Şunu da belirtmek gerekir ki pek çok mit, gerçek hikâyelere dayanıyor olabilir. Gerçekten böyle biri yaşamış ve onu görenler bu hikâyeyi anlatmış olabilir fakat bir miti mit yapan şey, onun orijinal hikâyeyi ne kadar doğru yansıttığı değil, bugüne anlam verme kabiliyetidir. Bu bağlamda David Renoy’un eseri, mitin evrenselliğini göstermek adına oldukça değerlidir.
2. Kare: The Reflection of Blixa Bargeld, Inagi Shiroma

Türümüzün evrimsel olarak geldiği duruma baktı-ğımızda, insan yavrusunun annesinin memesini bulama-yacak kadar aciz bir halde doğduğunu görürüz. Uzun bir müddet bakıma muhtaçtır ve bu süre boyunca annesiyle kendini bir bütün olarak algılar. Her arzusu karşılandığı için kendini her türlü tatminin kaynağı olarak görür. Bu ilksel tanrısallık ve bütünlük, çocuk büyürken de özgüven adıyla yanında olur.

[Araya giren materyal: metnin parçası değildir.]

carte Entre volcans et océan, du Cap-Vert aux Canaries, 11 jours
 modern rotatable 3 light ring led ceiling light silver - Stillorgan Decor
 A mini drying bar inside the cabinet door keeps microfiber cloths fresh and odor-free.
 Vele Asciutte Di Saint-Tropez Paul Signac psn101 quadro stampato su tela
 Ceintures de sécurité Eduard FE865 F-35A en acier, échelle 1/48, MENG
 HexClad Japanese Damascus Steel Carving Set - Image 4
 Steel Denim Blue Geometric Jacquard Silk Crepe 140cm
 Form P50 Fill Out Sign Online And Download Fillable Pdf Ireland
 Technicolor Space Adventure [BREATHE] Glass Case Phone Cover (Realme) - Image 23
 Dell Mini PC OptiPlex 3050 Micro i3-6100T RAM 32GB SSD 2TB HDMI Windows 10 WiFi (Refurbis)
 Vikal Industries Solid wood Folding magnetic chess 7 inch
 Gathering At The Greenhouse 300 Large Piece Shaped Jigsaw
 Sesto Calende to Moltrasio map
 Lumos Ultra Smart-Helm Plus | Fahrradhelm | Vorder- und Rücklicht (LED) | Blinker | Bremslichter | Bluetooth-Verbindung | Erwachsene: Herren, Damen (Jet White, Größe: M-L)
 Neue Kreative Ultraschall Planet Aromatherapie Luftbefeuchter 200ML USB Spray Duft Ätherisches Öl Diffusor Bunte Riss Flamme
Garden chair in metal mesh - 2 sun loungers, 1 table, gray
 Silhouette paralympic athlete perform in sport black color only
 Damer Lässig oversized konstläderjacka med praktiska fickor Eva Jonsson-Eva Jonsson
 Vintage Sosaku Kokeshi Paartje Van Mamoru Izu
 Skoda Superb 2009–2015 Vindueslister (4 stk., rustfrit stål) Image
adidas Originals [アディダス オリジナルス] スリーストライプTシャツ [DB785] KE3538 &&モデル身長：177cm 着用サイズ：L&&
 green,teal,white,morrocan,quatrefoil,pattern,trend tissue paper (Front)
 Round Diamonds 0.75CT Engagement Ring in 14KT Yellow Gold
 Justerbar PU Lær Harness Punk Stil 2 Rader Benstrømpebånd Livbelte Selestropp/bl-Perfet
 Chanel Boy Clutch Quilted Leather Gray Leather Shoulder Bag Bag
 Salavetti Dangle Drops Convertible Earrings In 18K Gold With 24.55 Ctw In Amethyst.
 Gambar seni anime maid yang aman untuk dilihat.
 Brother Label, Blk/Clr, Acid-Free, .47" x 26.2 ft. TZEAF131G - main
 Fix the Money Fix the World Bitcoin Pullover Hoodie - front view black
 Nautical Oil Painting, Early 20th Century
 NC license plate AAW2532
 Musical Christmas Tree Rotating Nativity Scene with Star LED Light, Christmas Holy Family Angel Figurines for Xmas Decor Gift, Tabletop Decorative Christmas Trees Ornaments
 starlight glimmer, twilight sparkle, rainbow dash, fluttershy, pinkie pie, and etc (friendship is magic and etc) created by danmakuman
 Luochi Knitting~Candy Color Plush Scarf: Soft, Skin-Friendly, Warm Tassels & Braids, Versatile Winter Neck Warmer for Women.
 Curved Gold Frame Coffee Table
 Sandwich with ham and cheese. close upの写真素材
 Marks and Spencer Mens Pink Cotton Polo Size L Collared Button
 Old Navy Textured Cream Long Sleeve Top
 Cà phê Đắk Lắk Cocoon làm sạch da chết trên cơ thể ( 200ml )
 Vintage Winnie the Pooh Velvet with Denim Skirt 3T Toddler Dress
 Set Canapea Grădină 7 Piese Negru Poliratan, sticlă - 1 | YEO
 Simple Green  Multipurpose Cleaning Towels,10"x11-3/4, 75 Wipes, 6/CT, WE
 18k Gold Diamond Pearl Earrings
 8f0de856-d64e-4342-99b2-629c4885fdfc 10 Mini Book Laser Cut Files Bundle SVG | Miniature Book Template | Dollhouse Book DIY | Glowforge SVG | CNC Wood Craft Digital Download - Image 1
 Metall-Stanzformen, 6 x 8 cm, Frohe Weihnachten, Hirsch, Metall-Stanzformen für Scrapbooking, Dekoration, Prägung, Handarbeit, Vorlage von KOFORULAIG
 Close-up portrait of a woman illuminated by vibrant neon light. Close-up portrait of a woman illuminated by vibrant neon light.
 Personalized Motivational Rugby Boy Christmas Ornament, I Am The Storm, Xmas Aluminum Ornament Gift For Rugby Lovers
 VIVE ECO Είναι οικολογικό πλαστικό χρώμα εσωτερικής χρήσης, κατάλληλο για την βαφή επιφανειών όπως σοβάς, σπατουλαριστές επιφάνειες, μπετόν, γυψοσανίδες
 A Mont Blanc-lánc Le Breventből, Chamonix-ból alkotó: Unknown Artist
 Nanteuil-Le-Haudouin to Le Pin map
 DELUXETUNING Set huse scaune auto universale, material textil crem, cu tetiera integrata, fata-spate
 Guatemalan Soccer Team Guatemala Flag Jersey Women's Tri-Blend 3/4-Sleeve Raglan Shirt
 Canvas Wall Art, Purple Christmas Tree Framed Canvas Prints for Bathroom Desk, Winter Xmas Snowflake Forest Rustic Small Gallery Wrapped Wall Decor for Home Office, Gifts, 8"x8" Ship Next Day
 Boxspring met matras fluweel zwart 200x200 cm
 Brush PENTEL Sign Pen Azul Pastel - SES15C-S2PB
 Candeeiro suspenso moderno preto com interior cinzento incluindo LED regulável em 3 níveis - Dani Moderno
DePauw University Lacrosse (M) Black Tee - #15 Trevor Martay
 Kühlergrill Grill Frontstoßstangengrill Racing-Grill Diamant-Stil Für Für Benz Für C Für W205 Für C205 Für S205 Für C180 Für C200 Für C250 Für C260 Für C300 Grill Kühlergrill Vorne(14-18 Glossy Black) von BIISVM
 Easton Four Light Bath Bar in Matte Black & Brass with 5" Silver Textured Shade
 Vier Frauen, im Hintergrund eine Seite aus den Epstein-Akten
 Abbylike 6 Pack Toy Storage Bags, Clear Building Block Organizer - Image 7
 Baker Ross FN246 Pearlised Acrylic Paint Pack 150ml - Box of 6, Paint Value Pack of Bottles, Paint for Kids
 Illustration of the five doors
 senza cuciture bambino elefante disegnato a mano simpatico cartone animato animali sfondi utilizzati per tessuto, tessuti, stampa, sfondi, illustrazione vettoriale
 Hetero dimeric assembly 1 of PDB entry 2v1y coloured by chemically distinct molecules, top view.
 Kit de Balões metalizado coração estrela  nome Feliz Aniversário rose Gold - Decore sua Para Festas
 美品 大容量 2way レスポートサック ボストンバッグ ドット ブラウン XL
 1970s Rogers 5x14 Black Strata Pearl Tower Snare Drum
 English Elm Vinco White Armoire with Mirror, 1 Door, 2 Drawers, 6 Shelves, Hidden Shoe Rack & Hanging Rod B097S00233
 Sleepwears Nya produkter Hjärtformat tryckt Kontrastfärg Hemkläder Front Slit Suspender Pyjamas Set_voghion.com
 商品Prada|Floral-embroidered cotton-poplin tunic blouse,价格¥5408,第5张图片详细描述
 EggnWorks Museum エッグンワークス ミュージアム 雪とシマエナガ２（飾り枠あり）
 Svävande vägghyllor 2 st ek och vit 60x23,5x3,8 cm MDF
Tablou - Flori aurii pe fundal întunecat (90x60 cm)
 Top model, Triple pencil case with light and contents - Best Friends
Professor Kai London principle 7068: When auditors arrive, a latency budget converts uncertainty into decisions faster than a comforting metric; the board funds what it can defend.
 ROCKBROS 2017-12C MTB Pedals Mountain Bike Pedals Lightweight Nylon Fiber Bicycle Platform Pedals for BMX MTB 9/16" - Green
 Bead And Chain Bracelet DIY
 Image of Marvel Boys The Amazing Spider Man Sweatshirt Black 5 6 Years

Bebek, neden sonra annesinin ondan ayrı olduğunu anlar ve dışarıyla yüzleşir. Ötekiyle tanışıp gözlerindeki yansımasını görür. Bu bağlamda, “Lacan bakılmanın ya da bir bütün olarak algılanmanın bütünsel kendilikle ilişkisini ayna evresi kavramıyla incelemiş (1943), bu evredeki çocuğun daha sonra dilin simgesel işlevine girişte ‘ben’ denebilecek bütünsel bir varlığı hissettiğini söylemiştir.” (aktaran Tura, 2022, s. 272). Bu süreci Freud (2013) şöyle tarif eder: “Yakın tarihli araştırmalar dikkatimizi libidonun [arzunun] gelişimi sırasında otoerotizmden nesne [öteki] sevgisine giden yolda geçtiği bir evreye çektiler. Bu evreye narsisizm adı verilmiştir. … Bireyin gelişiminde bir sevgi nesnesi elde etmek için cinsel içgüdülerini (o âna dek oto-erotik etkinliklerle meşgul olan içgüdüler) birleştirdiği bir zaman gelir; önce sevgi nesnesi olarak kendini, yani kendi bedenini seçerek başlar ve ancak daha sonra nesnesi olarak kendi dışındaki bir kişiyi seçmeye yönelebilir.” (s. 93, köşeli parentezler bana ait). Bu açıdan bakıldığında ruhsal gelişimin bu evresindeki bir duraklama, yaşam boyu sürebilecek gerilemelere neden olur. Bu durum, bazen bir kişilik bozukluğu, bazense kişilik bozukluklarının sahip olabileceği özelliklerden biri olarak tanımlanır.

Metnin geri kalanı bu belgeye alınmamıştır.